WHAT YOU NEED TO DO —
Print, in exact form, the lines below from the one containing "Venus 20W LED" through the one containing "Prada Black Men's Outerwear with Hood", and omit all others.

MATERIAL PROVIDED —
*** Begin section ***

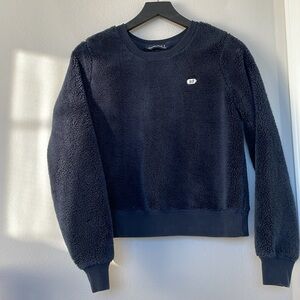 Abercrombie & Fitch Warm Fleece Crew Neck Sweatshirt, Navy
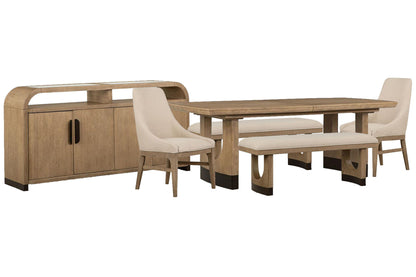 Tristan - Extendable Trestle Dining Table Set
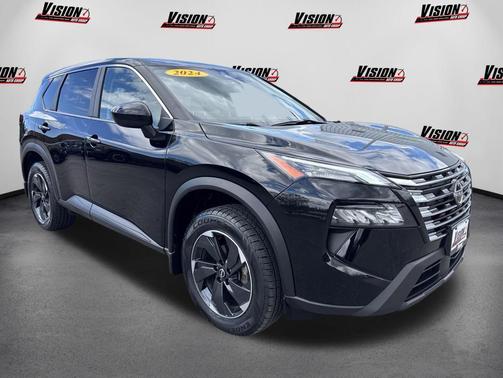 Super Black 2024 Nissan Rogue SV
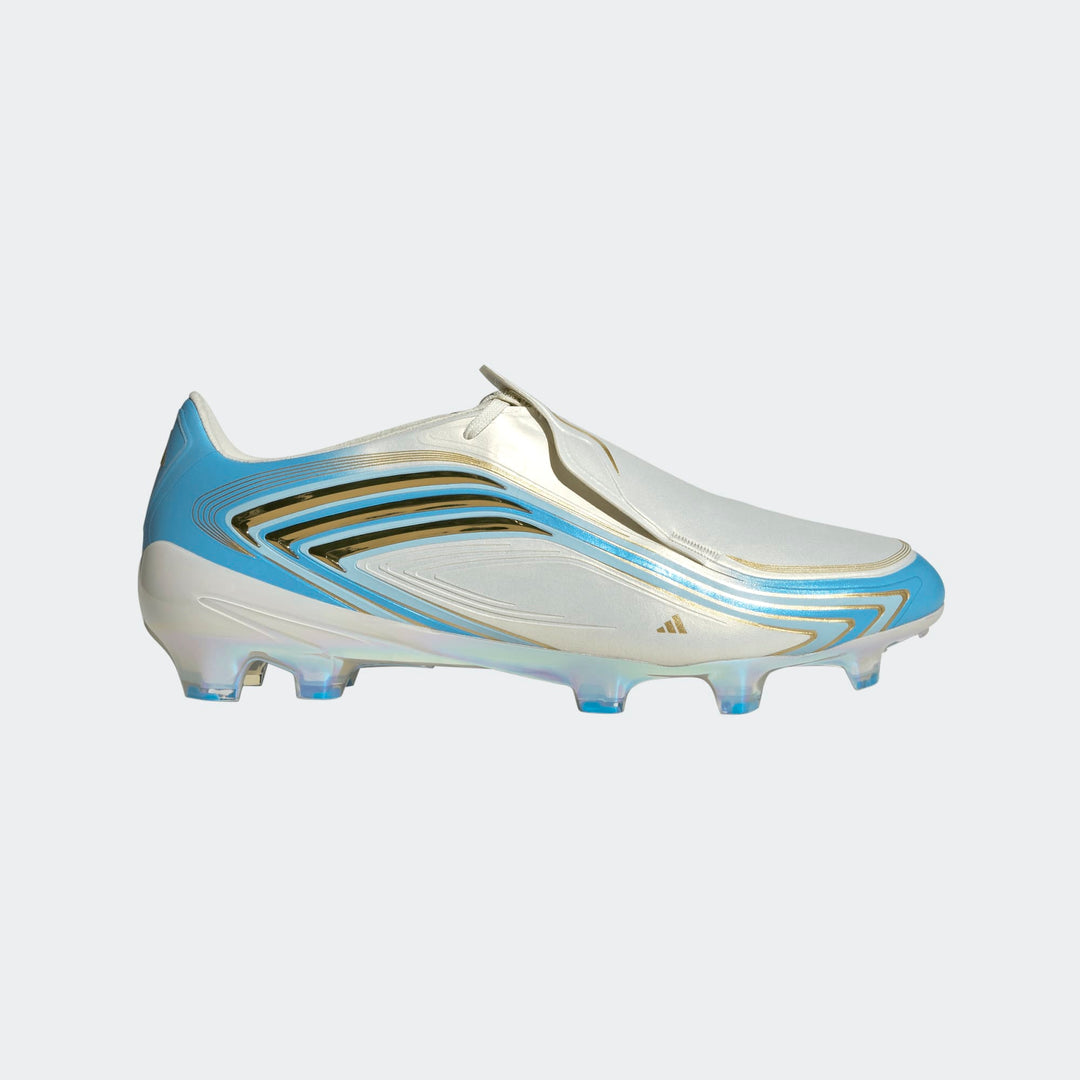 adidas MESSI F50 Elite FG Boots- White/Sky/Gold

*** End section ***
*** Begin section ***

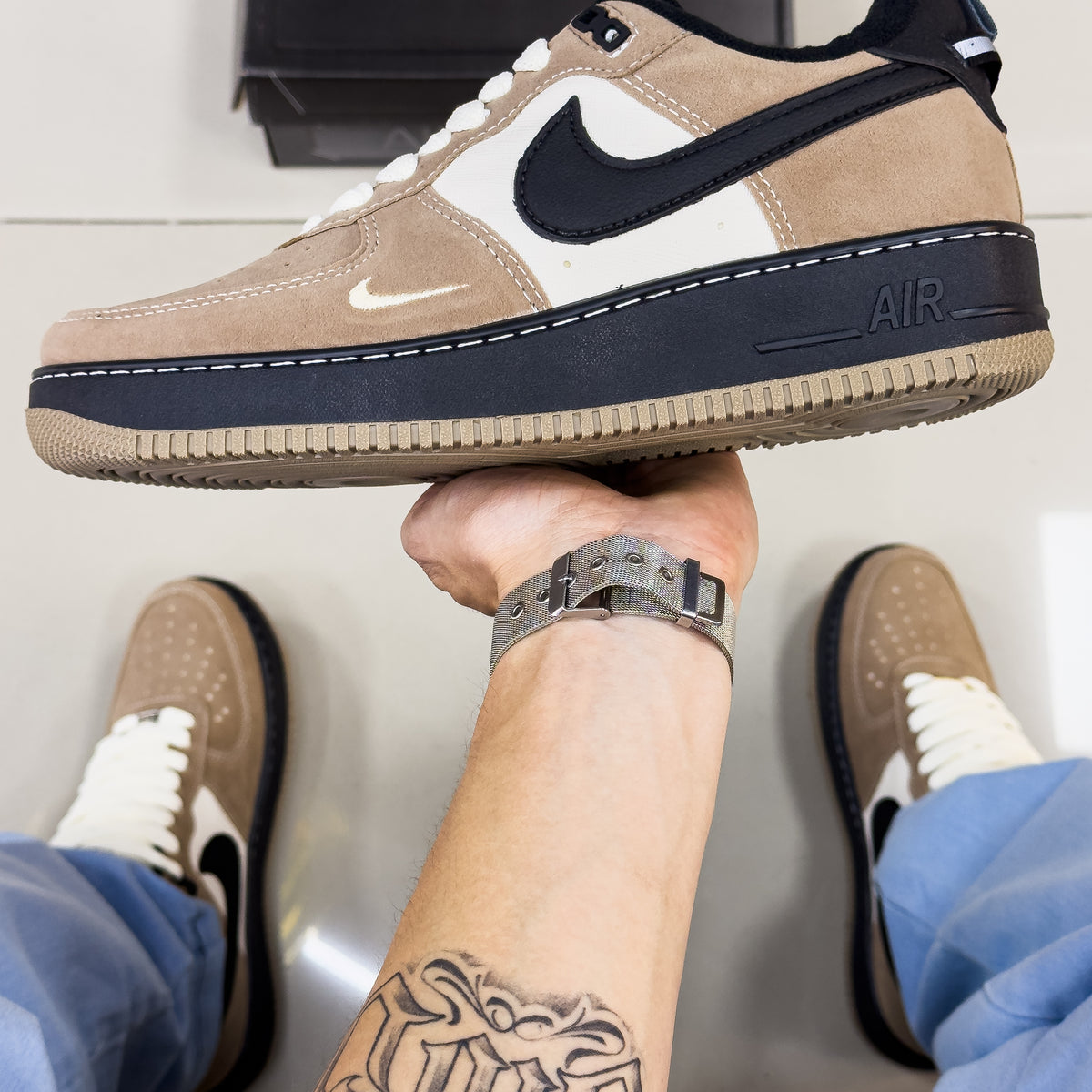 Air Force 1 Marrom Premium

*** End section ***
*** Begin section ***

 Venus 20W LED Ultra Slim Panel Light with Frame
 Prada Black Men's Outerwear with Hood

*** End section ***

OUTPUT —
 Venus 20W LED Ultra Slim Panel Light with Frame
 Prada Black Men's Outerwear with Hood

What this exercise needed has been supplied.